Before you begin
-
You have previously created a connection to the system
storing your source data.
Here, a database connection.
-
You have previously added the dataset holding your source
data.
Download and extract the file: filter-python-customers.zip. It contains lead
data including ID, name, revenue, etc.
-
You also have created the connection and the related dataset
that will hold the processed data.
Here, a file stored on Amazon S3 and a file stored on HDFS.
Procedure
-
Click Add
pipeline on the Pipelines page. Your new pipeline opens.
-
Give the pipeline a meaningful name.
Example
Replicate and Process Leads
-
Click ADD SOURCE to open the panel allowing you to select your source data, here a list of leads.
-
Select your dataset and click
Select in order to add it to the pipeline.
Rename it if needed.
-
Click and add a Replicate processor to the pipeline.
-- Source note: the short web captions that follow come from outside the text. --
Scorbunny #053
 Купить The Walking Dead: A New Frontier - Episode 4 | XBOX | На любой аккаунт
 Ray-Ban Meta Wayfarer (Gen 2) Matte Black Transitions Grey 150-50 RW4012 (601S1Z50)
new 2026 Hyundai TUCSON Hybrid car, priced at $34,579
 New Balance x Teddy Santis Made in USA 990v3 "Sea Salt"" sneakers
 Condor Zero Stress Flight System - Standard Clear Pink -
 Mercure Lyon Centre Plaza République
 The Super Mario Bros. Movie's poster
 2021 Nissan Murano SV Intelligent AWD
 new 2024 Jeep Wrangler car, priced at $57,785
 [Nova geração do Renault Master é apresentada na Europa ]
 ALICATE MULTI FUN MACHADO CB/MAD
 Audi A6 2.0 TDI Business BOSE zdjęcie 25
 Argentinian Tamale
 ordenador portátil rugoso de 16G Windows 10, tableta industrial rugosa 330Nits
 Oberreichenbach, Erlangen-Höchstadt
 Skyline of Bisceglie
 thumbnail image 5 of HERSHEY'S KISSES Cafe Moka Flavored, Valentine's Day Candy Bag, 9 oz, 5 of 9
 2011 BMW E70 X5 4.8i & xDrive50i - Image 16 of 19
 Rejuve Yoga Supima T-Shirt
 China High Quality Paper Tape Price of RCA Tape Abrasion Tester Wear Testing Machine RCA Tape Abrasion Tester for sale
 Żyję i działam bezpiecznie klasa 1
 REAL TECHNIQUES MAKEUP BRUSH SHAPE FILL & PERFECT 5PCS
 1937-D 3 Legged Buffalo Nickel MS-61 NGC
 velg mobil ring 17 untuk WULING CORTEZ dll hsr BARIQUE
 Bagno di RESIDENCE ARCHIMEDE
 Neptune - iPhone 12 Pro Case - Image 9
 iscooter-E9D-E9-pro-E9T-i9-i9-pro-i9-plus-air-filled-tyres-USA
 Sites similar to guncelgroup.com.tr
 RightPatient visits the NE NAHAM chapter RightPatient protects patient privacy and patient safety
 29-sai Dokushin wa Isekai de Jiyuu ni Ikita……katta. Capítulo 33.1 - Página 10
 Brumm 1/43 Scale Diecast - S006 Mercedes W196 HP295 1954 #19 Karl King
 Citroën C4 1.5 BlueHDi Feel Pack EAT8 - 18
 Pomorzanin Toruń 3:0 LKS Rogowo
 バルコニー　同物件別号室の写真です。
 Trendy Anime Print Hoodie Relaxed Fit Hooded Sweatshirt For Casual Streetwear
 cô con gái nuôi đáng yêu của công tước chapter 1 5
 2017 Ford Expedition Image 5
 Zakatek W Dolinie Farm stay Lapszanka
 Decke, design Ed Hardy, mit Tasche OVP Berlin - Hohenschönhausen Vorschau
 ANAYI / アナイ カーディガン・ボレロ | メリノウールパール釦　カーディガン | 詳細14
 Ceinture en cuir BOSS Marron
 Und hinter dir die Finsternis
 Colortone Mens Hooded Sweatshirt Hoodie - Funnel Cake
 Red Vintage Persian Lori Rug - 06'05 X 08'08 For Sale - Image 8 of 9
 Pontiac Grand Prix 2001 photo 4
The
flow is duplicated and the configuration panel opens.
-
Give a meaningful name to the processor.
Example
replicate leads
-
Click the top ADD DESTINATION item on the pipeline to open the panel allowing to select the dataset that will hold your data in the cloud (Amazon S3).
-
Give a meaningful name to the Destination.
Example
store in cloud
-
Click next to the bottom ADD DESTINATION item on the
pipeline and add a Filter processor.
-
Give a meaningful name to the processor.
Example
filter on lead revenues
-
In the Filters area:
-
Select .Revenue in the Input
list, as you want to filter leads based on this value.
-
Select None in the Optionally select a
function to apply list, as you do not want to apply a function
while filtering records.
-
Select >= in the Operator
list and type in 70000 in the
Value list as you want to filter on leads with a
revenue superior to 70000 dollars.
-
Click Save to
save your configuration.
-
(Optional) Look at the Filter processor preview to see your data after the filtering operation.
Example
-
Click the bottom ADD DESTINATION item on the pipeline to open the panel allowing to select the dataset that will hold your data on premises (HDFS) and give it a meaningful name.
Example
store on premises
-
On the top toolbar of Talend Cloud Pipeline Designer,
click the Run button to open the panel allowing you to select
your run profile.
-
Select your run profile in the list (for more information, see Run profiles), then click Run to
run your pipeline.
Results
Your pipeline is being executed, the records are duplicated and filtered, and the output flows are sent to the target systems you have indicated.